#### RECORDS FOR PROCESSING
***

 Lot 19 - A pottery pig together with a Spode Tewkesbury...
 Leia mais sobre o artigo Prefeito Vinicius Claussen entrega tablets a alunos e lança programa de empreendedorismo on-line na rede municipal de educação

***

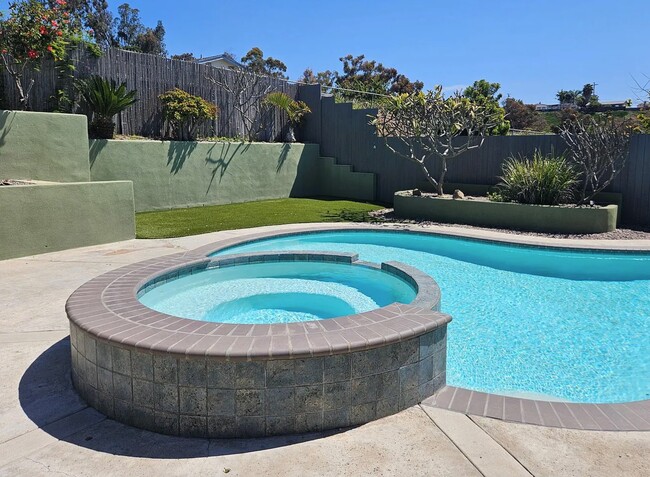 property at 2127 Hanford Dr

***

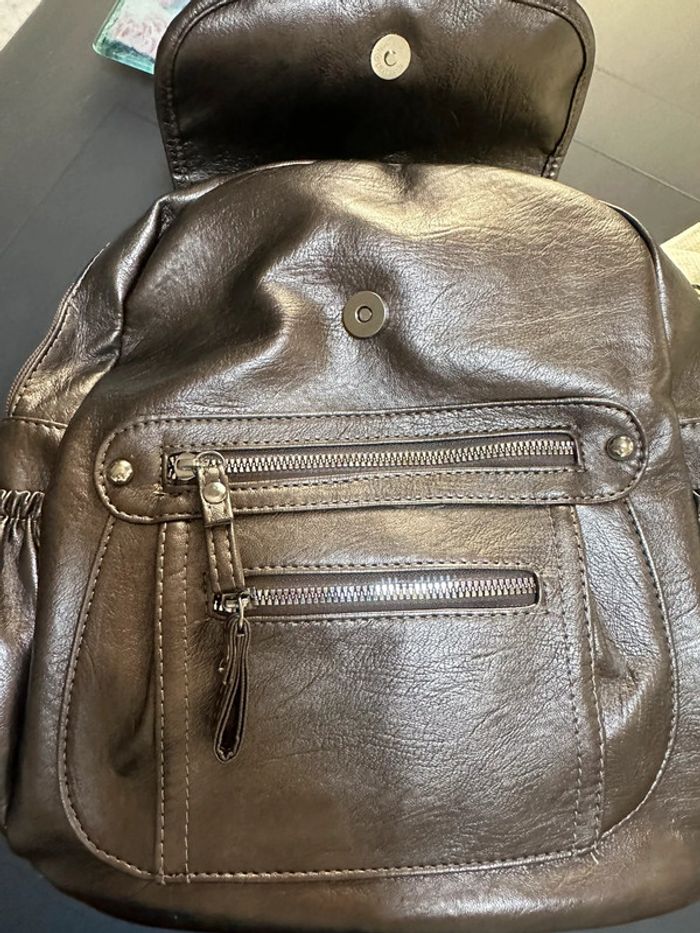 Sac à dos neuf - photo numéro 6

***

#### GOAL OF THE EXERCISE
Among the lines above, find the one with "Lot 19 - A pottery" and the one with "Leia mais sobre". Quote both and everything between them, exactly.

#### WRITTEN SOLUTION
 Lot 19 - A pottery pig together with a Spode Tewkesbury...
 Leia mais sobre o artigo Prefeito Vinicius Claussen entrega tablets a alunos e lança programa de empreendedorismo on-line na rede municipal de educação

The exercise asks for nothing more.